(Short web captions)

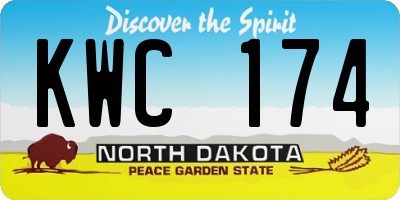 ND license plate KWC174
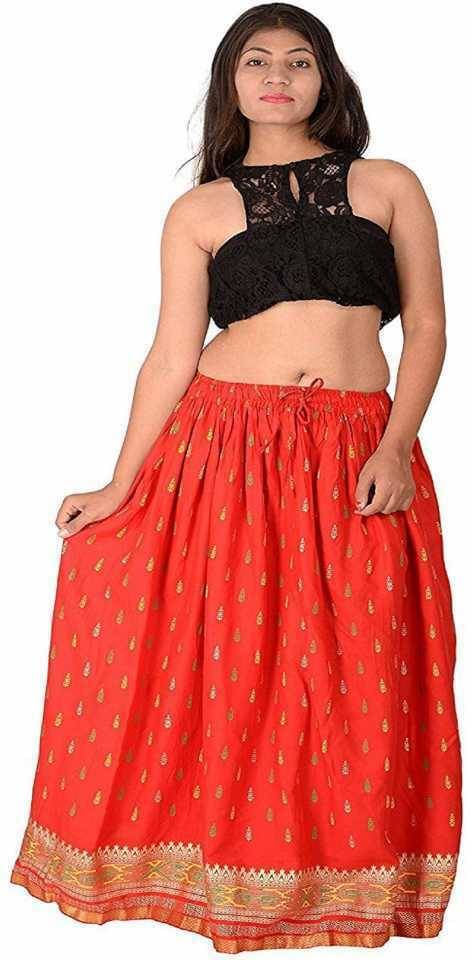 Rangsthali Red Rayon Women's Flared Skirt ( Pack of 1 )     			Rangsthali Red Rayon Women's Flared Skirt ( Pack of 1 )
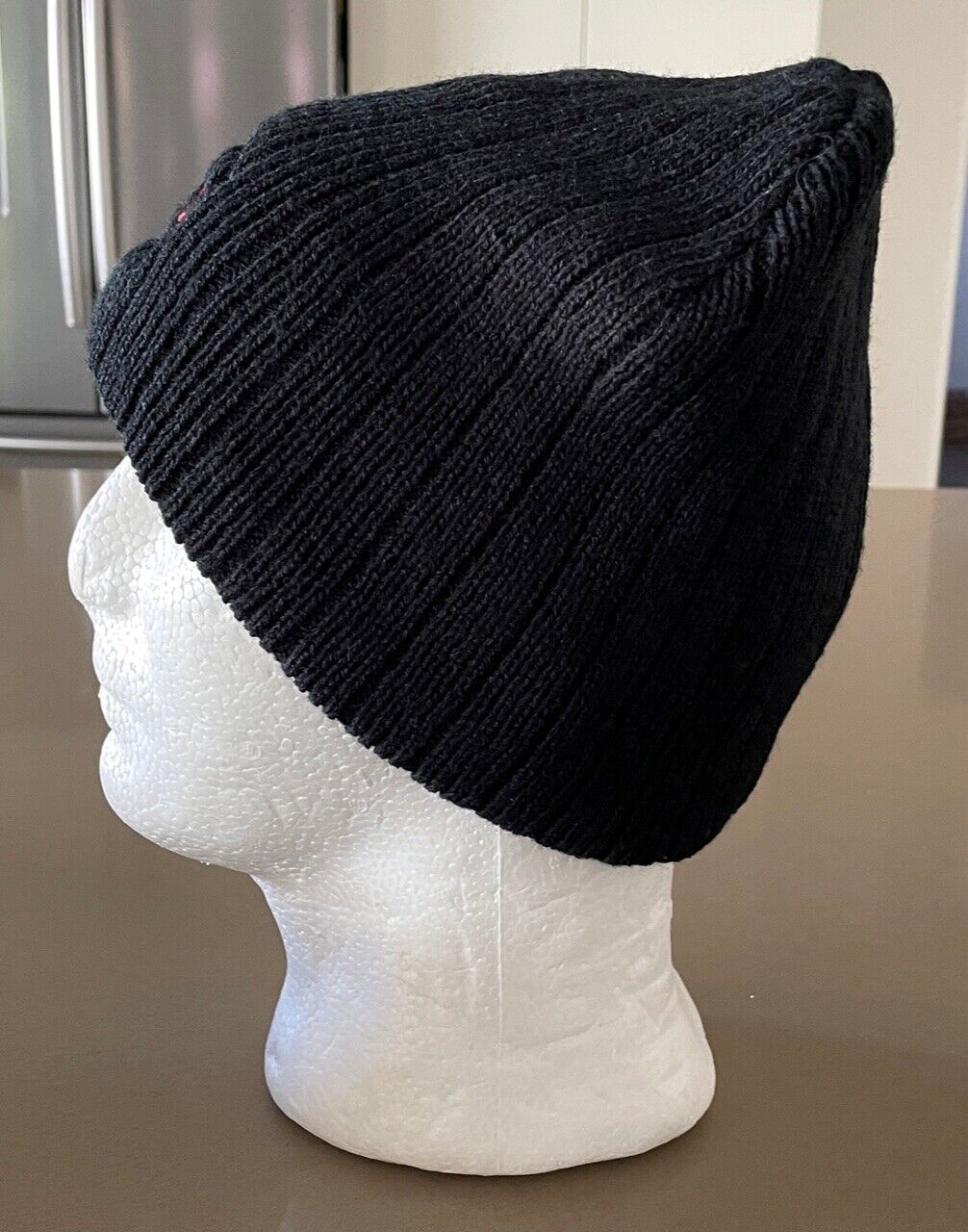 TOTAL HARDWARE Black Knit Beanie Motif One Size Unisex Hat Cap Work Tradie NEW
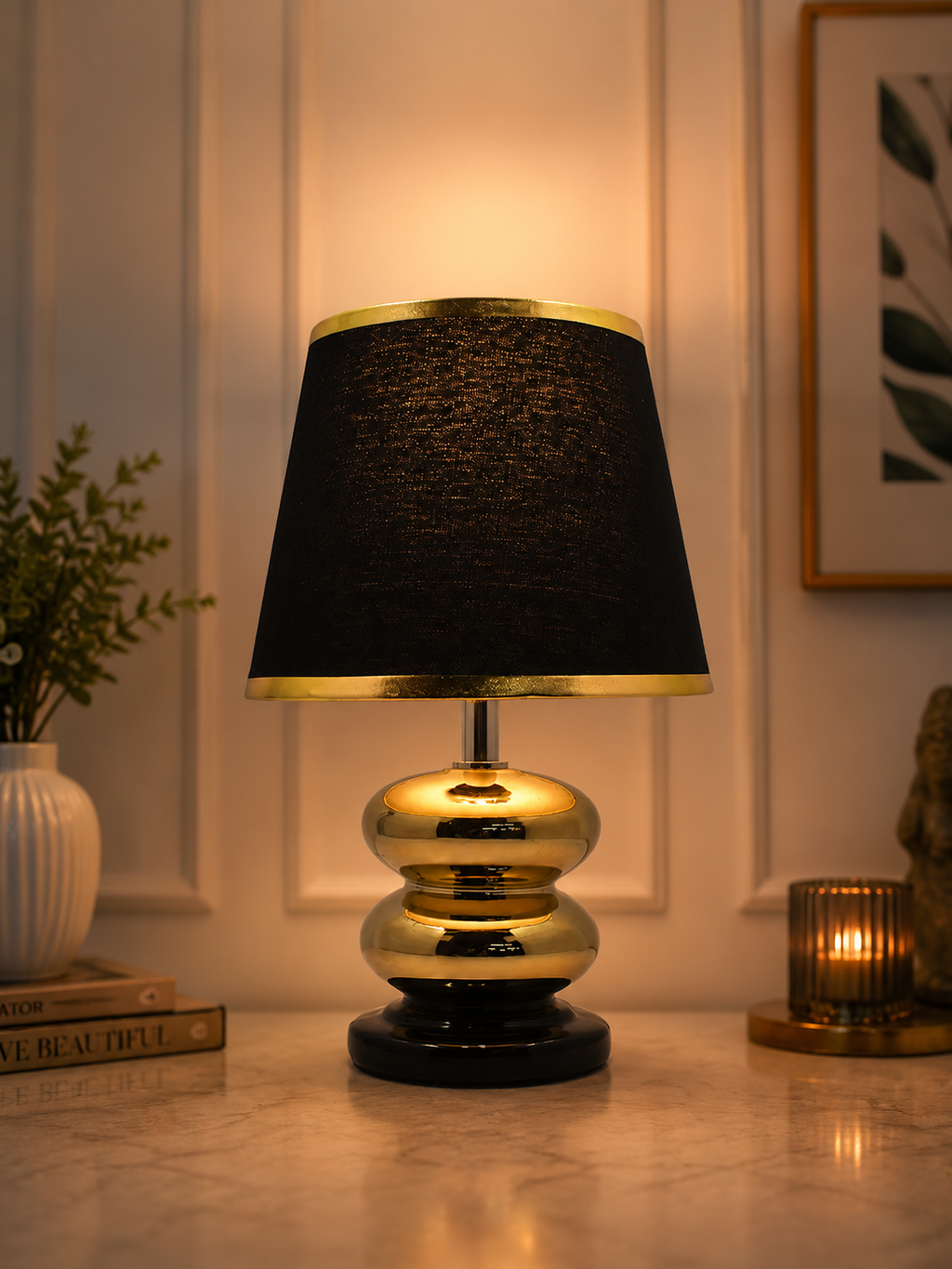 Luxury Black & Gold Table Lamp for Modern Home Decor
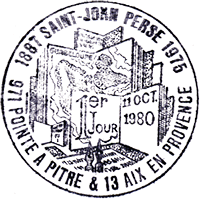 Timbre  date avec mention "1887 SAINT JOHN PERSE 1976 / 971 POINTE A PITRE & 13 AIX EN PROVENCE"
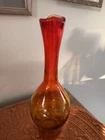 Vintage Blenko Hand Blown Art Glass 11” Red Yellow Orange Amberina Ruby Orange
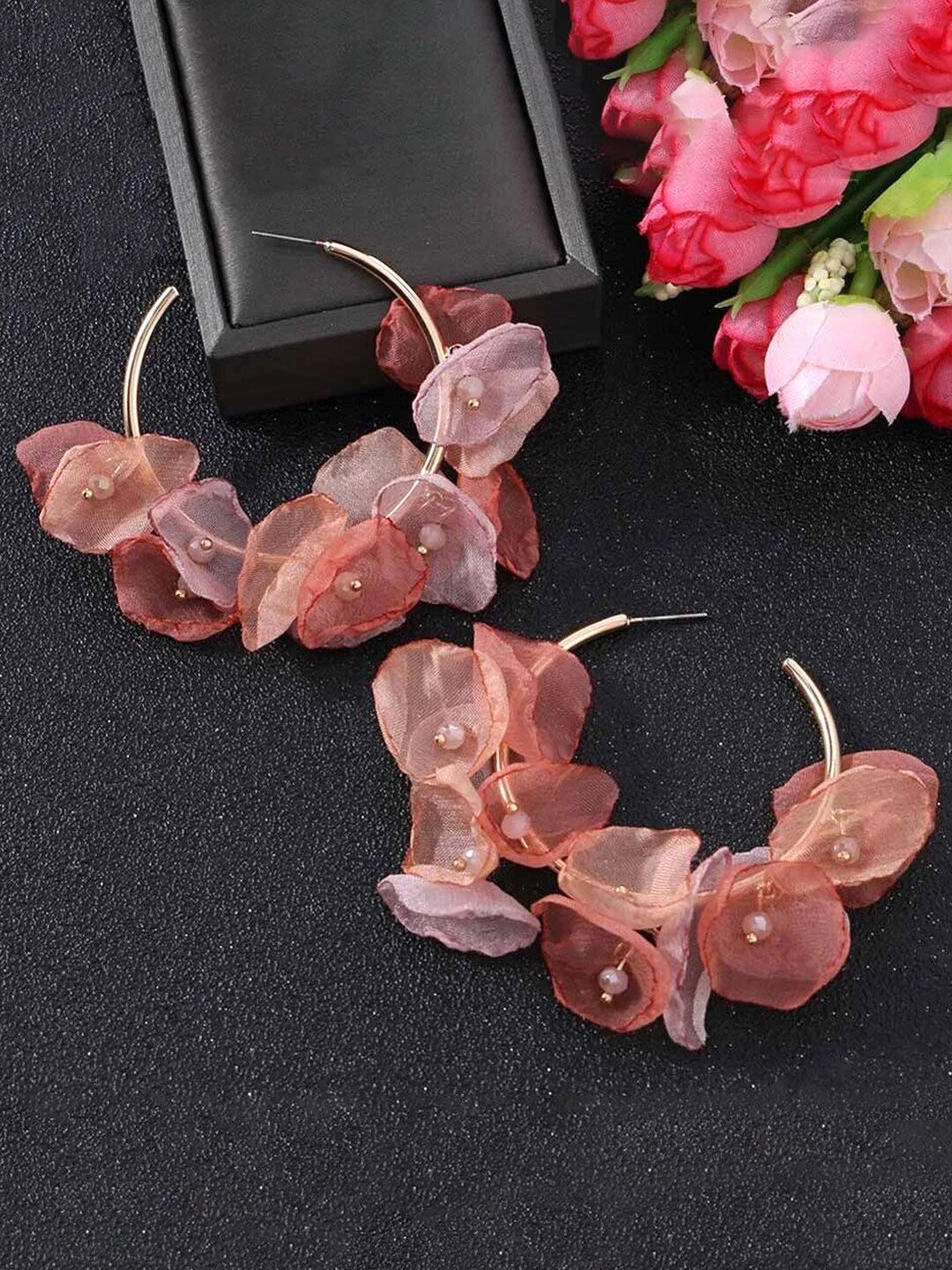Hoop Earrings Yellow Chimes Pink Boho Handmade Flower Petal Layered Half Hoop Earrings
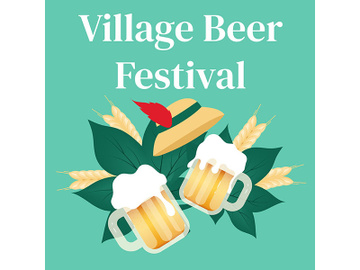 Village beer festival social media post mockup preview picture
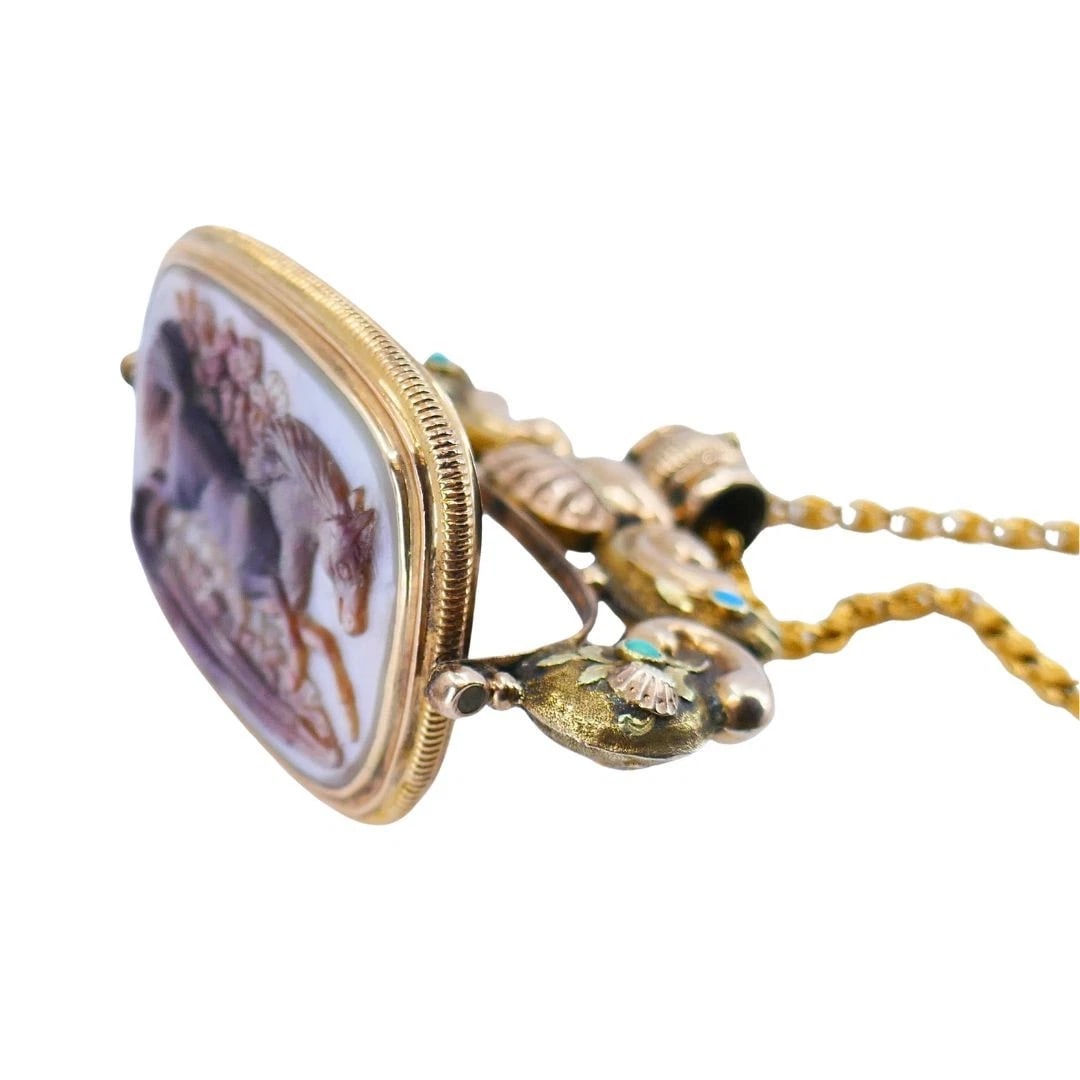 Antique Victorian Gold Mother of Pearl Equestrian Pendant Chain Necklace - 11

- What the task requires
For this exercise, set down the lines in the entries above from the one with "TOTAL HARDWARE Black" through the one with "Village beer festival" exactly as written, without any pictures.

- Solution for this task
 TOTAL HARDWARE Black Knit Beanie Motif One Size Unisex Hat Cap Work Tradie NEW
 Luxury Black & Gold Table Lamp for Modern Home Decor
 Timbre  date avec mention "1887 SAINT JOHN PERSE 1976 / 971 POINTE A PITRE & 13 AIX EN PROVENCE"
 Vintage Blenko Hand Blown Art Glass 11” Red Yellow Orange Amberina Ruby Orange
Hoop Earrings Yellow Chimes Pink Boho Handmade Flower Petal Layered Half Hoop Earrings
 Village beer festival social media post mockup preview picture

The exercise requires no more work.